Pour la presse écrite - Internet, ni menace ni eldorado

Bruges — «Internet est en train de montrer qu'il ne représente ni la menace ni la chance que nous avions jadis prévues», a conclu l'Association mondiale des journaux (AMJ) au cours de son 55e congrès, qui s'est achevé hier à Bruges.

«La plupart des éditeurs pensent qu'Internet restera très secondaire par rapport au papier, indique l'AMJ. Il est difficile de persuader les lecteurs de lire des contenus en ligne [...] tandis que la publicité sur Internet est montée à 5 % du marché publicitaire.»


Selon l'association, en 2001, il existait en France 39 sites Web de quotidiens (neuf de plus qu'en 2000 et 22 de plus qu'en 1997), 256 en Allemagne, 360 au Mexique et 1207 aux États-Unis...


«Même en temps de récession économique, Internet a une croissance très rapide: plus de visites, plus de recettes. La tendance ne pourra pas être interrompue», constate le consultant Leo Bogart. Selon une étude de l'AMJ portant sur 429 journaux, pour un tiers, les revenus de leurs sites sont restés stables, progressant pour près de la moitié d'entre eux.


Cependant, la plupart des sites continuent de baigner dans l'encre rouge: 58 %, un peu mieux qu'en 2000 (63 %). 17 % seulement génèrent des bénéfices (15 % en 2000). Mais les situations sont contrastées: en Europe, 71 % perdent de l'argent et 7 % sont bénéficiaires; en Amérique du Nord, 35 % en perdent, 39 % en gagnent. En Amérique latine, 58 % perdent et seulement 5 % en gagnent.

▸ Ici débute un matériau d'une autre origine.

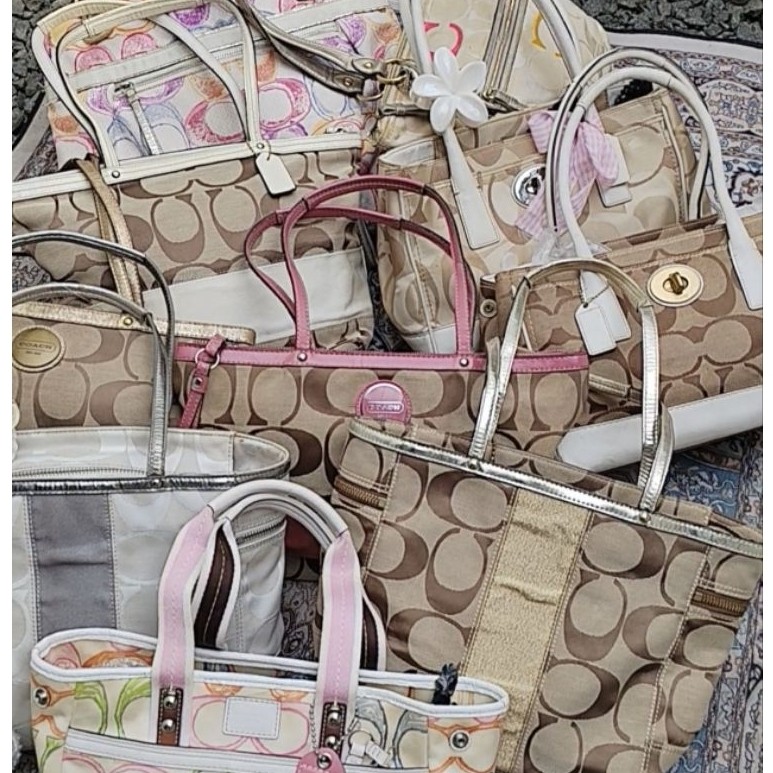 Tas preloved Sale C04ch ; tote coc; tas ketek coc signature; tas tote zipper; coc vintage; tas vinta
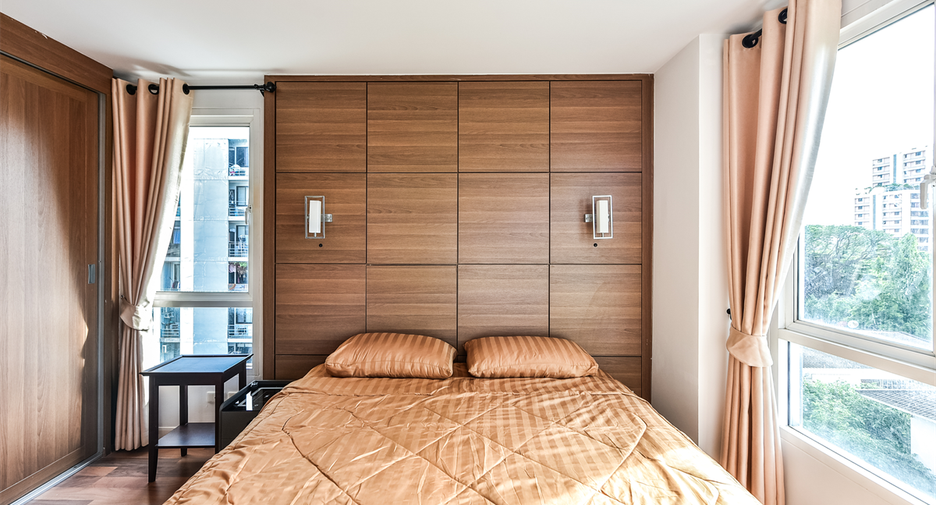 For sale 2 bedrooms condo in Phaya Thai, Bangkok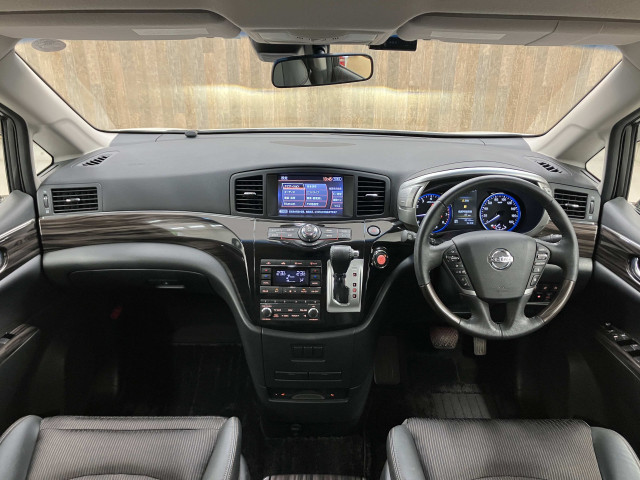 日産 エルグランド ２．５ ２５０ハイウェイスターＳ アーバンクロム R2年 (近畿) 99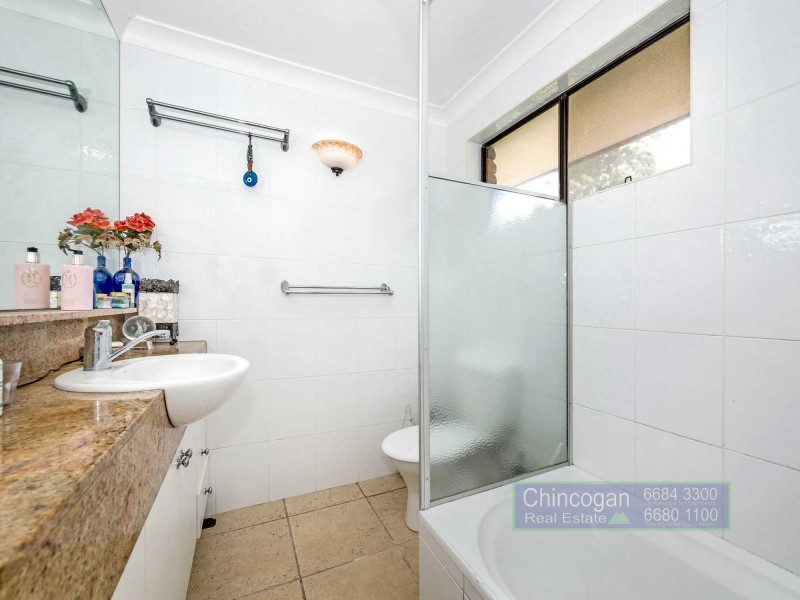 1 Bobra Glen, Ocean Shores NSW 2483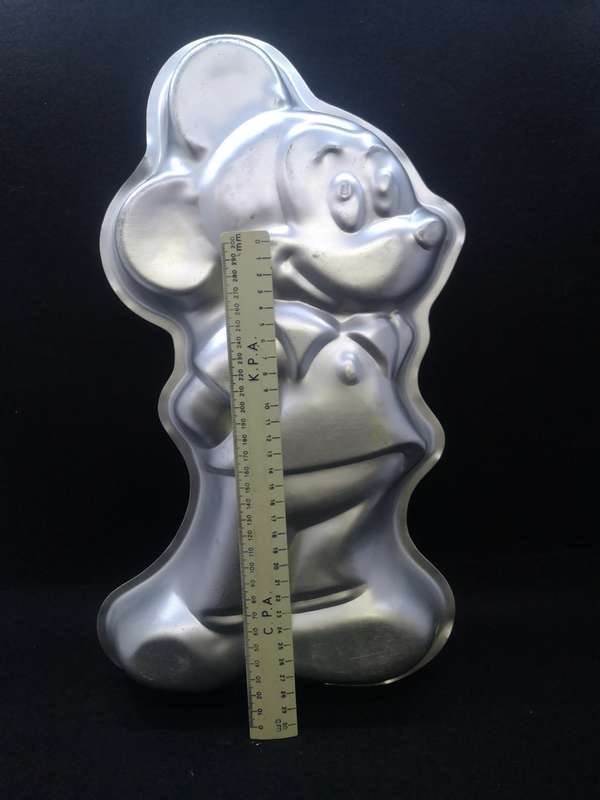 Vintage Wilton 1978 Mickey Mouse cake pan
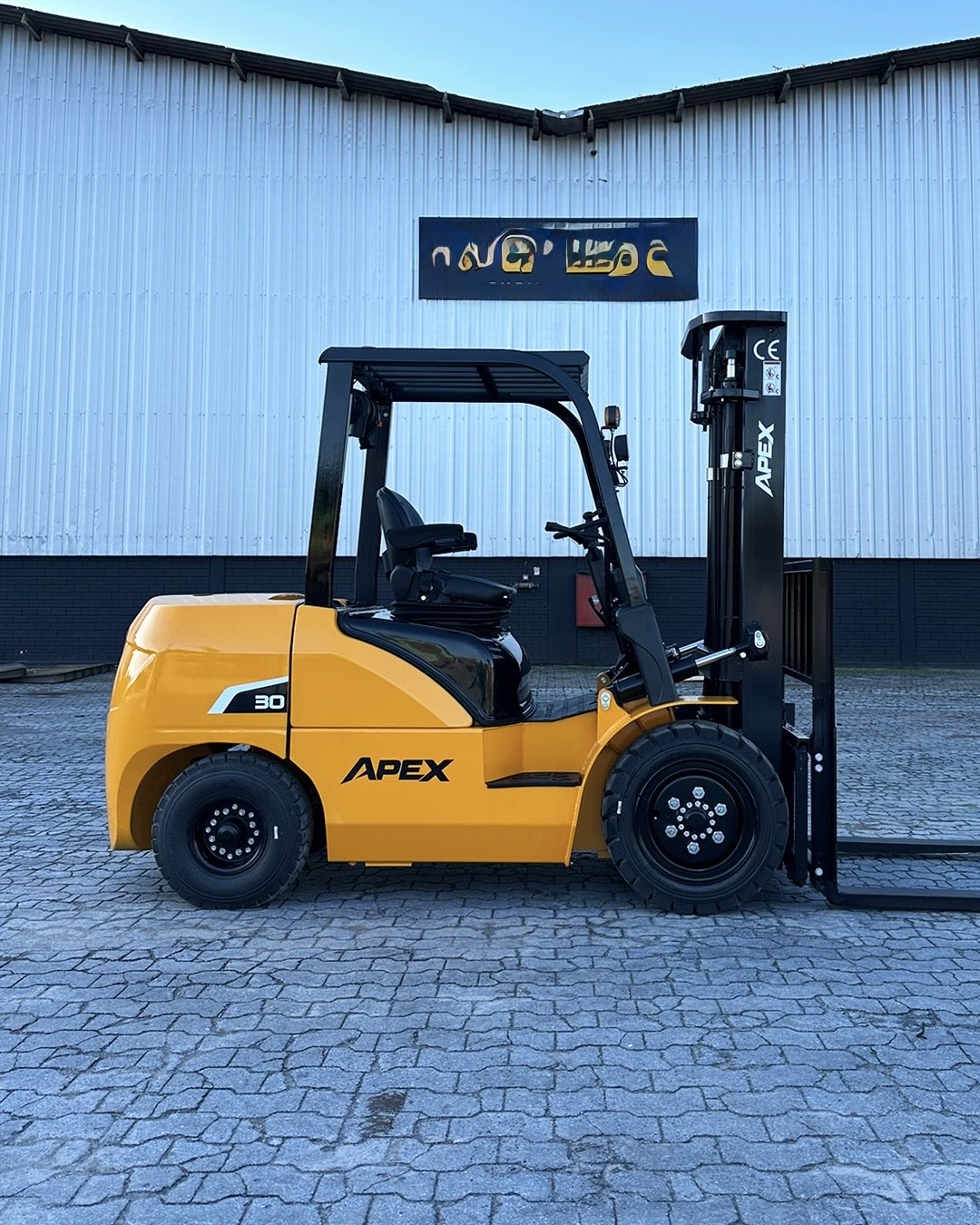 Empilhadeira duplex (nova) , Marca: APEX Modelo: Apex 30D para 3.0 ton ,com torre de 3.50 m e motor a diesel .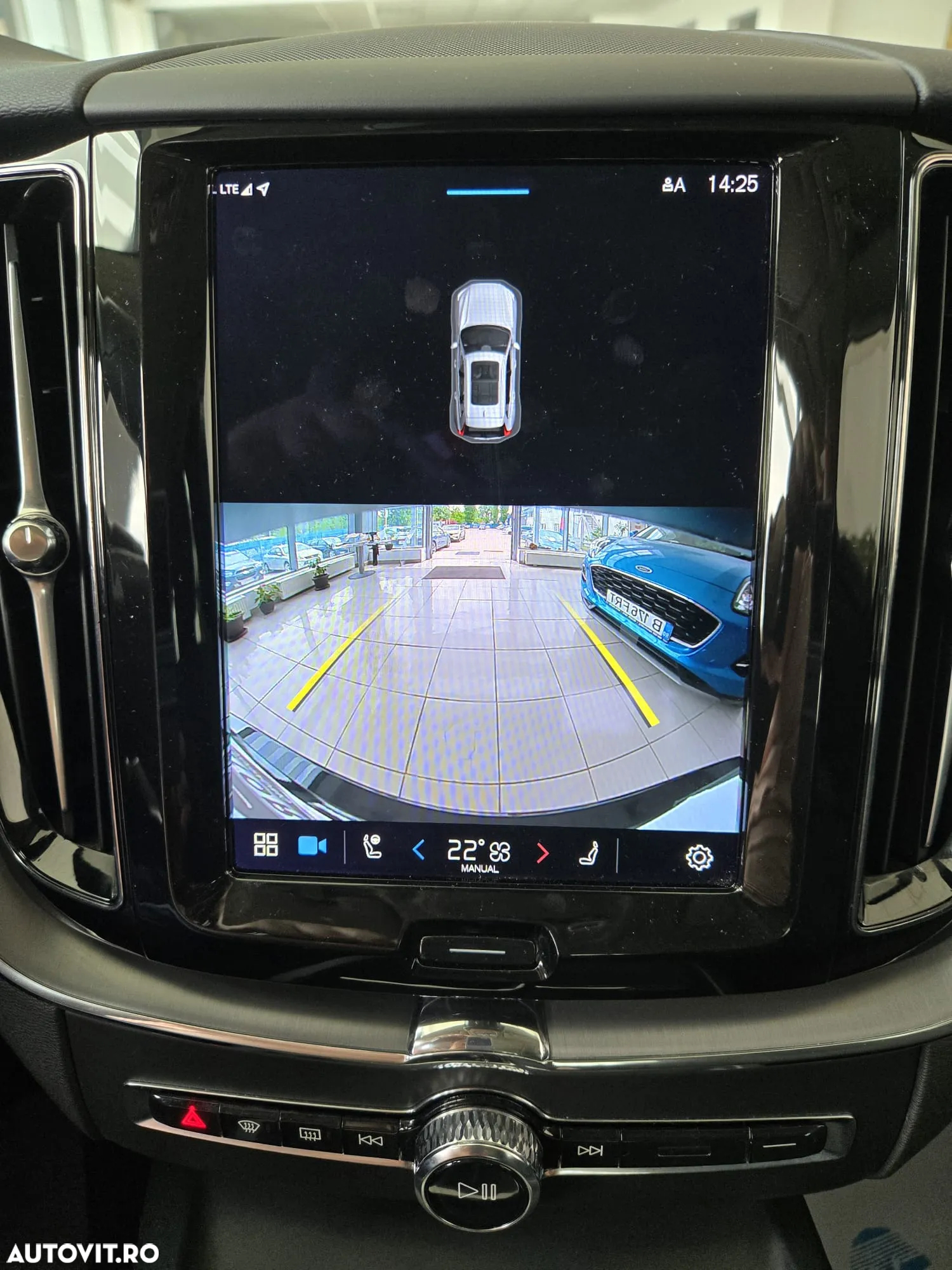 Volvo XC 60 Recharge T6 AWD AT Core - 25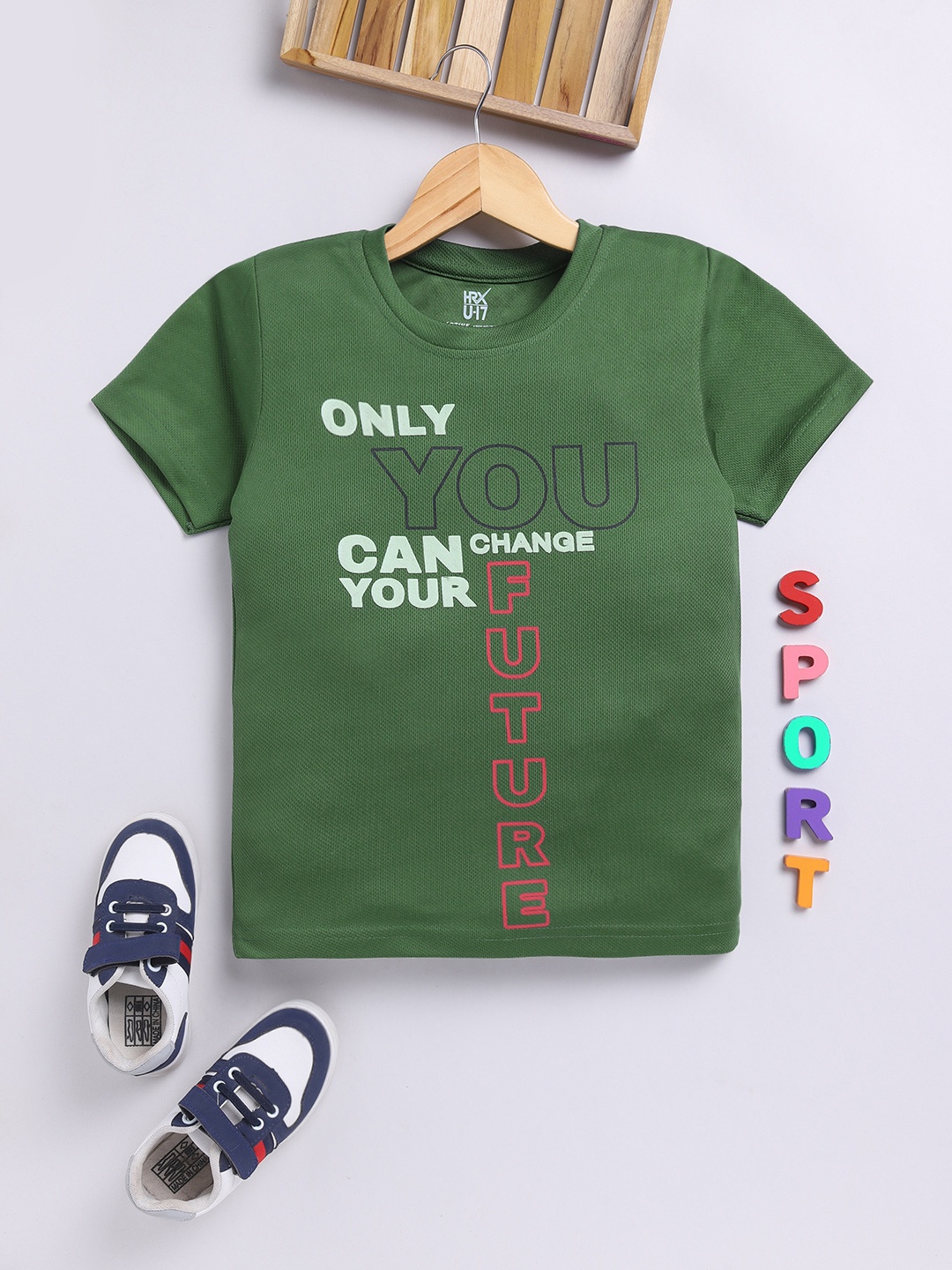 

HRX by Hrithik Roshan Boys Typography Printed Rapid-Dry T-shirt, Green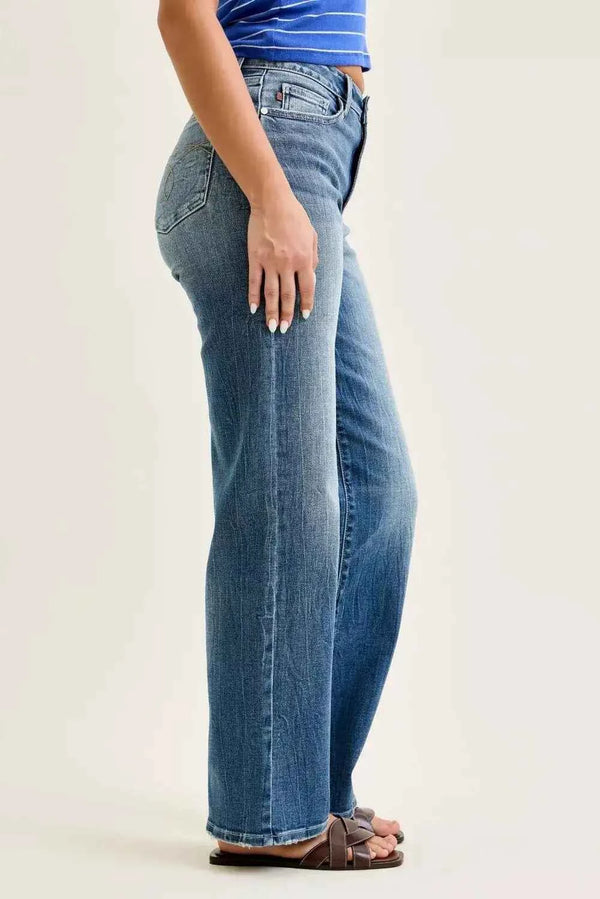 Mid-rise 90s straight jeans — additional view 2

Pour M. Bogart, en dépit de cette situation, «le potentiel est extraordinaire». Ainsi, les sites sont de plus en plus visités: en 2000,


19 % des sites recevaient 100 000 visites par semaine et 5 % plus de 500 000. Aujourd'hui, 9 % dépassent ce seuil et 17 % sont entre


100 000 et 500 000. 84 % des sites reposent uniquement sur la publicité et sont gratuits. Cependant, 37 % des sites des plus grands journaux (plus de 500 000 exemplaires quotidiens) font payer un peu. 70 % des sites payants le font pour des services spécifiques et 20 % pour s'abonner.